Scraped caption text data:

= = = = =

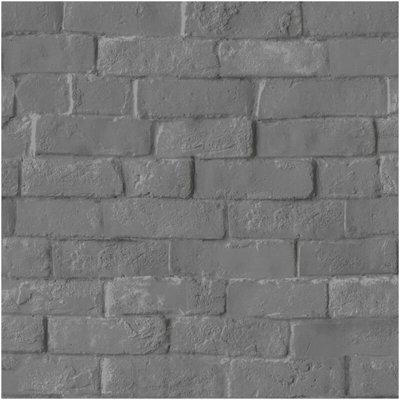 Debona Muriva Pop Bowie Brick Effect Wallpaper Grey Charcoal Painted Wall Design from B&Q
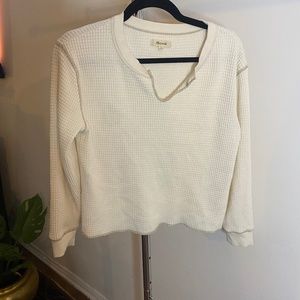 Madewell Cropped Henley Shirt (Small)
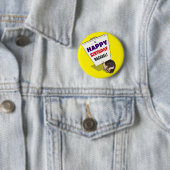 ヘッジホッおもしろいグ名前を追加ハッピーバースデー漫画 缶バッジ (インサイチュ)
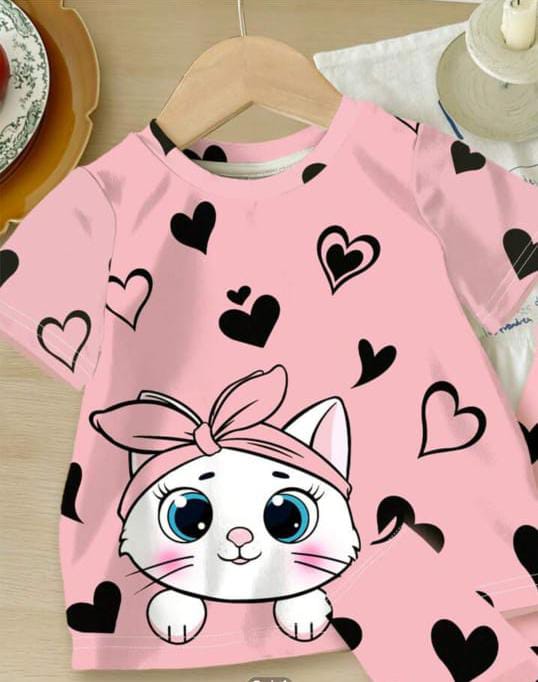 Pink Kitty with Black Hearts Printed The Ultimate Kids Sleep Suit (OM-355)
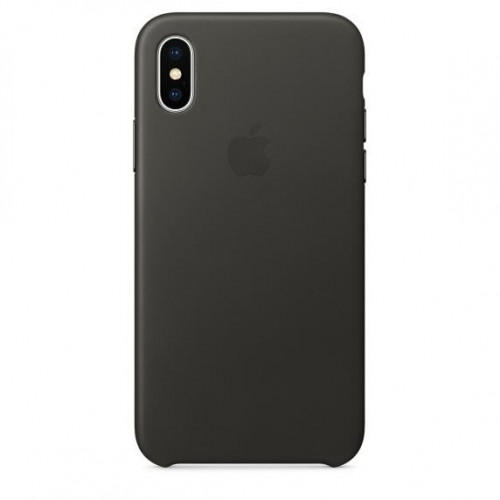 Чохол Apple Leather Case для iPhone X Charcoal Grey (MQTF2)
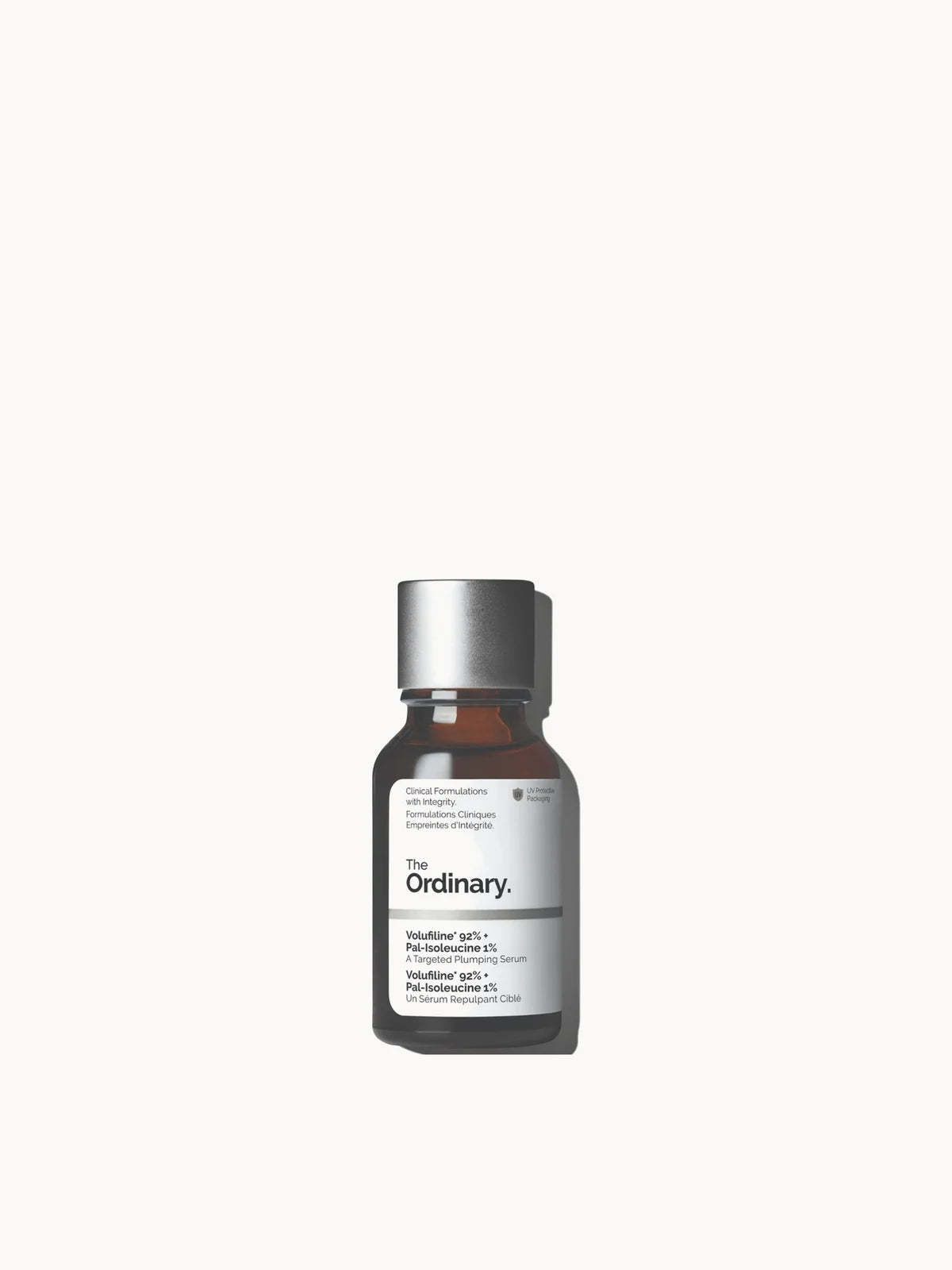 The Ordinary Volufiline 92% + Pal-Isoleucine 1% Plumping Serum 15ml, small serum bottle with branded label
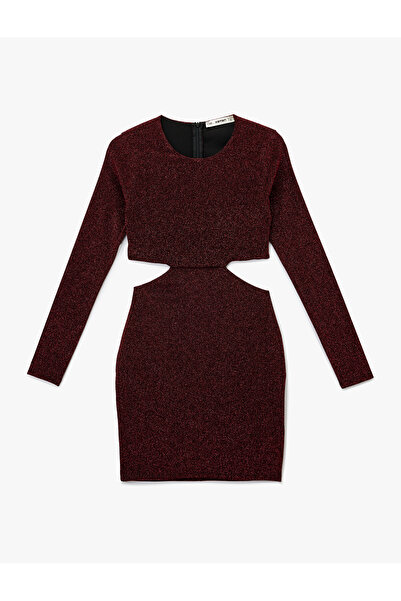 Koton Long Sleeve Crew Neck Glitter Window Detail Mini Dress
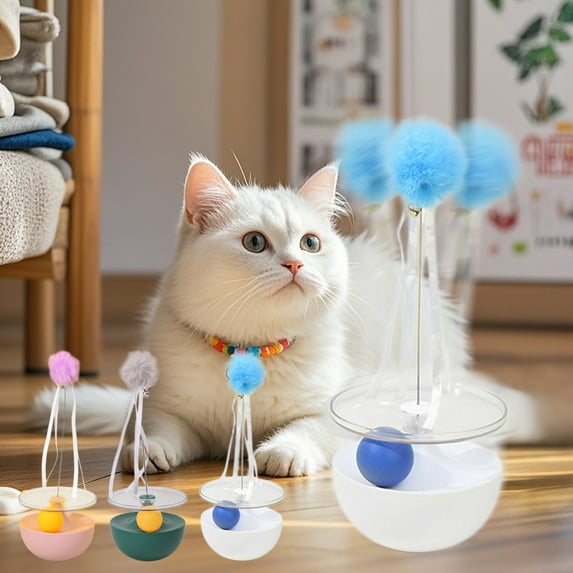 PPgejGEK Interactive Cat Toys with Bell Pom-Pom Teaser Wand Tumbler Toy for Indoor Kittens Birthday Gift to Relieve Boredom Keep Pets Busy Plastic Feather Attachment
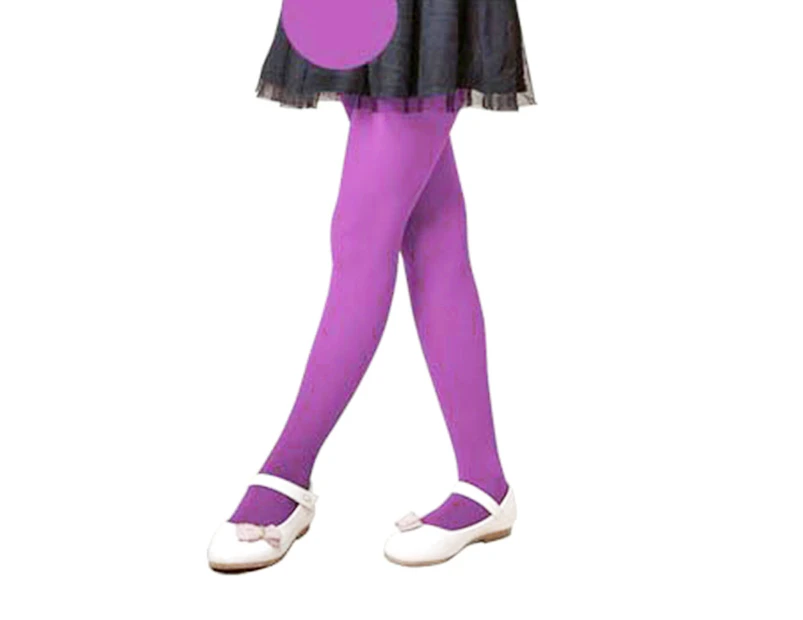 Kids Girls Candy Color Tights Pantyhose Ballet Dance Leggings Hosiery Stockings-Purple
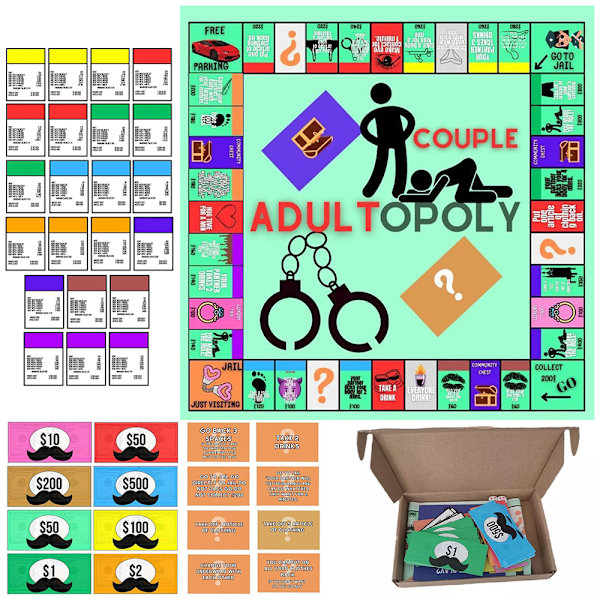 Adultopoly Brädspel Parspel för Vuxna Dejtkväll Förbättra Intimitet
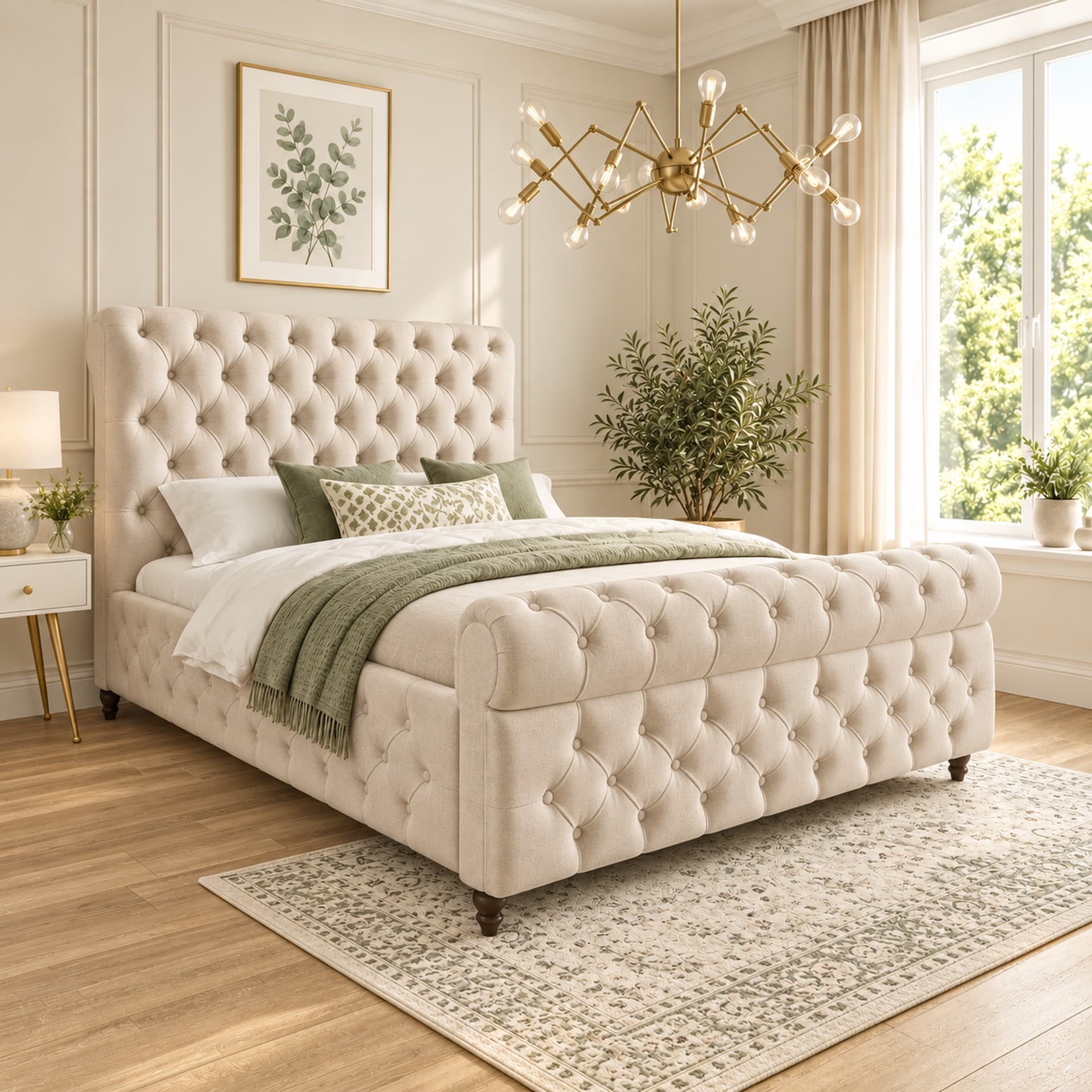 Weiss Sleigh Upholstered Bed Frame in French Velvet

= = = = =

- Work task -
The records above are to be copied exactly, with no pictures carried over.

- Response box -
 Debona Muriva Pop Bowie Brick Effect Wallpaper Grey Charcoal Painted Wall Design from B&Q
 Madewell Cropped Henley Shirt (Small)
 ヘッジホッおもしろいグ名前を追加ハッピーバースデー漫画 缶バッジ (インサイチュ)
 Pink Kitty with Black Hearts Printed The Ultimate Kids Sleep Suit (OM-355)
 Чохол Apple Leather Case для iPhone X Charcoal Grey (MQTF2)
 The Ordinary Volufiline 92% + Pal-Isoleucine 1% Plumping Serum 15ml, small serum bottle with branded label
 Koton Long Sleeve Crew Neck Glitter Window Detail Mini Dress
 PPgejGEK Interactive Cat Toys with Bell Pom-Pom Teaser Wand Tumbler Toy for Indoor Kittens Birthday Gift to Relieve Boredom Keep Pets Busy Plastic Feather Attachment
 Kids Girls Candy Color Tights Pantyhose Ballet Dance Leggings Hosiery Stockings-Purple
 Adultopoly Brädspel Parspel för Vuxna Dejtkväll Förbättra Intimitet
 Weiss Sleigh Upholstered Bed Frame in French Velvet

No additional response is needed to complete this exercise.